Nederland hield onvoldoende rekening met het feit dat de wereld veranderd was, aldus Romijn. ‘Duitsland probeerde Nederland onder de duim te houden, maar met de bevrijding van de Duitse bezetters kwam een nieuwe wereldorde. Niet alleen Nederlanders wilden strijden tegen onderdrukking, maar ook Indonesiërs, en alle andere in koloniën onderdrukte volkeren.’

‘Uiteindelijk is Nederland tien jaar lang op wereldschaal in oorlog gebleven’

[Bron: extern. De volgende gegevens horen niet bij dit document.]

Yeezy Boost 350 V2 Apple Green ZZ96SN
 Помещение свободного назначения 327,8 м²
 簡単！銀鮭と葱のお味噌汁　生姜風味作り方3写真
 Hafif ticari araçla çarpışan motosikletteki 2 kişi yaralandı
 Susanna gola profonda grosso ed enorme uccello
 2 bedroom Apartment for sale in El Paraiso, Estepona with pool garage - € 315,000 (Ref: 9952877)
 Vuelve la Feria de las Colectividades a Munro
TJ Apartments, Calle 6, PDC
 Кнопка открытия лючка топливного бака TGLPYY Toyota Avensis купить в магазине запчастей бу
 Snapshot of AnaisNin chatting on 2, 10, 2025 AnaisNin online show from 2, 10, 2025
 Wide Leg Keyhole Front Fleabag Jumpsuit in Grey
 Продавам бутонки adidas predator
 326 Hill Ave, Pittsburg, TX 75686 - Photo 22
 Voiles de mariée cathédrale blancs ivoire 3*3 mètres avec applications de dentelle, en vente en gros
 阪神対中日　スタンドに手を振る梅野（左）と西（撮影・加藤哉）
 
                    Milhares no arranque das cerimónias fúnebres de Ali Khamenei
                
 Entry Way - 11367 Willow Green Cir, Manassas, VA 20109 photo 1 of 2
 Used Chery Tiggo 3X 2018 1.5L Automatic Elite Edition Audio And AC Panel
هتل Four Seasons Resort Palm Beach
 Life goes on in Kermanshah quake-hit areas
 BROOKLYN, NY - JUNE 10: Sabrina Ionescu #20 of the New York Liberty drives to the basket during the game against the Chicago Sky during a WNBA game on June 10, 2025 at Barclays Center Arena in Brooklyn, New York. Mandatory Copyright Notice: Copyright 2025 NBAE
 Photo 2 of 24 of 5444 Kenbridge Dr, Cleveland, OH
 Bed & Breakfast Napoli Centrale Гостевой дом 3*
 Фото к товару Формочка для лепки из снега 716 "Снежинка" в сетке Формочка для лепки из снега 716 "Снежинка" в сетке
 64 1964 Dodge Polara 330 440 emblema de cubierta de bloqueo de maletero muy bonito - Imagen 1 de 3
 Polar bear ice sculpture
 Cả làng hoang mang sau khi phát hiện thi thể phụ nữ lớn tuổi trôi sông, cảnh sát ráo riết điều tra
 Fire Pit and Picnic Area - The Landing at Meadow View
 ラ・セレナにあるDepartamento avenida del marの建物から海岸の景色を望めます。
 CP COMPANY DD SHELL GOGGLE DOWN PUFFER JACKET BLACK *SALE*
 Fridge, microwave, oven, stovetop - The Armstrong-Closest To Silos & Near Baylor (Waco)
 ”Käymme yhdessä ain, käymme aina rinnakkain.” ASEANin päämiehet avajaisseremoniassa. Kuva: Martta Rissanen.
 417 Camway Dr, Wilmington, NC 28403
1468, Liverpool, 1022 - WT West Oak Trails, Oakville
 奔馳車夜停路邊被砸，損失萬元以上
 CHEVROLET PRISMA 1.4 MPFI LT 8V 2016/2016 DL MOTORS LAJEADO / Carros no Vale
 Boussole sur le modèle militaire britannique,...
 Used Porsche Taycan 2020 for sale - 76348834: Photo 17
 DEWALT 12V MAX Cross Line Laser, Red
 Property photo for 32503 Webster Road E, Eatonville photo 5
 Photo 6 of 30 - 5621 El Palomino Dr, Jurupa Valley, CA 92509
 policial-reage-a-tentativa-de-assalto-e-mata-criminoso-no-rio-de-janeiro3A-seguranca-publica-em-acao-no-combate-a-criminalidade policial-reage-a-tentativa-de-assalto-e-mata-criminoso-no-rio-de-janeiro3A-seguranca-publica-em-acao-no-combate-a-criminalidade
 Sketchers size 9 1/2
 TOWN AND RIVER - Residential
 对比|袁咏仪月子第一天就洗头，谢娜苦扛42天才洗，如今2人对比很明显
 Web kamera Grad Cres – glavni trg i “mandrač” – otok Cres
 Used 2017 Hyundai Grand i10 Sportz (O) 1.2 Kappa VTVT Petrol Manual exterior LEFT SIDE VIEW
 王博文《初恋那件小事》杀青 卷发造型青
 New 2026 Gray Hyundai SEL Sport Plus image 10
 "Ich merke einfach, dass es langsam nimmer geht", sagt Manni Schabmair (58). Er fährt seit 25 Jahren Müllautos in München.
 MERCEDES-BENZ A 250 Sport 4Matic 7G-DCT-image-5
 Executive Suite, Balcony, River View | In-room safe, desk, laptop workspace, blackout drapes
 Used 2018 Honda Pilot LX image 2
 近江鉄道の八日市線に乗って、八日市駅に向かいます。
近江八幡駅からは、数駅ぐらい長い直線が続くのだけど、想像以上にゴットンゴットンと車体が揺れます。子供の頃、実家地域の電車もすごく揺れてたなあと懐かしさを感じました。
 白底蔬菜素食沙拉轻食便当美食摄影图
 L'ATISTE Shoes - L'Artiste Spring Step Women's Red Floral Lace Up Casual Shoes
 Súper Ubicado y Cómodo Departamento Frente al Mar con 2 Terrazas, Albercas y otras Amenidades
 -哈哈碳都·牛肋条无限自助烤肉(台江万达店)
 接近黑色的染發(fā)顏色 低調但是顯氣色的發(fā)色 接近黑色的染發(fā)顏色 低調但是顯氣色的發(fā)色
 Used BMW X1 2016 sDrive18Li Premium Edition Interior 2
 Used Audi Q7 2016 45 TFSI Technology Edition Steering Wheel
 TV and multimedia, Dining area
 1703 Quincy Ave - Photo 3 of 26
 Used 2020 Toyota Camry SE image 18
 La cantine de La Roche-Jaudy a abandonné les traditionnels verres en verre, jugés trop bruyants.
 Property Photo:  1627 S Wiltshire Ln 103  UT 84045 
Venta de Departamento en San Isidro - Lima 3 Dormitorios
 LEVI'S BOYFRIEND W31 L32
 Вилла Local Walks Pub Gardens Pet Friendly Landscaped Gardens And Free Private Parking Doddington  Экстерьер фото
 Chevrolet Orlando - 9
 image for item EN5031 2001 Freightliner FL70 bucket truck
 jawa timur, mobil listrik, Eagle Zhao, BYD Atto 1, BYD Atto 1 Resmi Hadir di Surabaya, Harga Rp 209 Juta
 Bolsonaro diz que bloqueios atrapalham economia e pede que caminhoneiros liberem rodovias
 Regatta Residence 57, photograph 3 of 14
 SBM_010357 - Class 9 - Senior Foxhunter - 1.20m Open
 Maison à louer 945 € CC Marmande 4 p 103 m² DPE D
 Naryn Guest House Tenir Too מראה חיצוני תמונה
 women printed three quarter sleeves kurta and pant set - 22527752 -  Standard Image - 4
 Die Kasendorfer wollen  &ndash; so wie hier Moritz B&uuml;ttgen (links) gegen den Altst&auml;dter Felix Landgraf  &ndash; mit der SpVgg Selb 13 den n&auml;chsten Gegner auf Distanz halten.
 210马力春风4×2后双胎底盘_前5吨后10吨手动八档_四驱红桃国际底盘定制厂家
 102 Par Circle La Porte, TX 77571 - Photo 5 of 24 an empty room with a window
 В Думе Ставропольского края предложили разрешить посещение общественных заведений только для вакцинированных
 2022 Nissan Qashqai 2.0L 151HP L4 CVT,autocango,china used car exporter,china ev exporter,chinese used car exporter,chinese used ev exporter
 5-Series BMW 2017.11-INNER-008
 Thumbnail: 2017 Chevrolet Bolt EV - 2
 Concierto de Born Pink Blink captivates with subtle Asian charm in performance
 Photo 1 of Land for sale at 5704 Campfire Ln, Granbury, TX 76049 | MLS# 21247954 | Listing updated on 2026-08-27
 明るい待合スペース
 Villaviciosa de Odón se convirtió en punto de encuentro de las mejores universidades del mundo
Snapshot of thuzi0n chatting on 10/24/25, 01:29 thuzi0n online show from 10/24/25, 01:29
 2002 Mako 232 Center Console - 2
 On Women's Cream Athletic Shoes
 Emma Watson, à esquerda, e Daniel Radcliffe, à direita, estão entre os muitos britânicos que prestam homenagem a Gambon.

Met zijn boek hoopt Romijn de oorlog om de dekolonisatie te integreren in de Nederlandse oorlogsgeschiedenis. Hij spreekt meer in het algemeen over de behoefte aan een inclusieve geschiedschrijving, en een dialoog waar ruimte wordt gemaakt voor verhalen van Indonesische slachtoffers. Dit moet onderdeel worden van de nationale debatcultuur, vindt hij.

‘Over de Tweede Wereldoorlog heeft Nederland het gevoel dat zij aan de goede kant stond, en die heeft uiteindelijk gewonnen. Dat verhaal van 1940 tot 1945 is helder. Een dergelijk verhaal over de Indonesische onafhankelijkheidsoorlog is er niet. Sterker nog, we hebben niet eens een naam voor die oorlog’, zegt hij.

Zelf gebruikt Romijn de term ‘Indonesische Onafhankelijkheidsoorlog’, omdat die rijmt met bijvoorbeeld de Amerikaanse Onafhankelijkheidsoorlog. Deze term gebruikt hij ook omdat onafhankelijkheid de inzet was voor wat zich in Indonesië afspeelde in 1945 tot 1950. Anderen spreken weer over ‘het Nederlands-Indonesische conflict’.

‘Sommigen zeggen ook dat een oorlog enkel plaats kan vinden tussen twee staten. Nederland heeft Indonesië officieel pas in 1949 als onafhankelijke staat erkend, dus wat zich voor die tijd afspeelde, vinden zij geen oorlog.’

Dodenherdenking

Een logisch vervolg van een dialoog over de koloniale geschiedenis van Nederland in Indonesië is de erkenning van 17 augustus 1945 als de dag waarop Indonesië een onafhankelijke staat werd, zegt Romijn. Volgens hem zou in Nederland ook ruimte moeten zijn om Indonesische slachtoffers te herdenken.

De historicus wijst naar officiële plechtigheden die de Nederlands-Indische en Molukse gemeenschap jaarlijks organiseert om hun slachtoffers te herdenken. Een dergelijk momentum in Nederland ter nagedachtenis van de Indonesische slachtoffers zou ook op zijn plaats zijn, vindt hij. Niet op 4 mei, maar op een andere dag.

‘De Dodenherdenking op 4 mei was in eerste instantie bedoeld om slachtoffers van de Duitse bezetting in Nederland te herdenken’, zegt hij. ‘Maar nu is het een gemengd verhaal geworden, waarbij ook gesneuvelde Nederlandse militairen in meer recente vredesmissies worden herdacht. Ik vind dat een vorm van vaagheid. Ik denk dat Nederland een stap vooruit kan maken door de Indonesische onafhankelijkheidsoorlog, en daarmee Indonesische slachtoffers, een aparte plaats te geven in de geschiedenis.’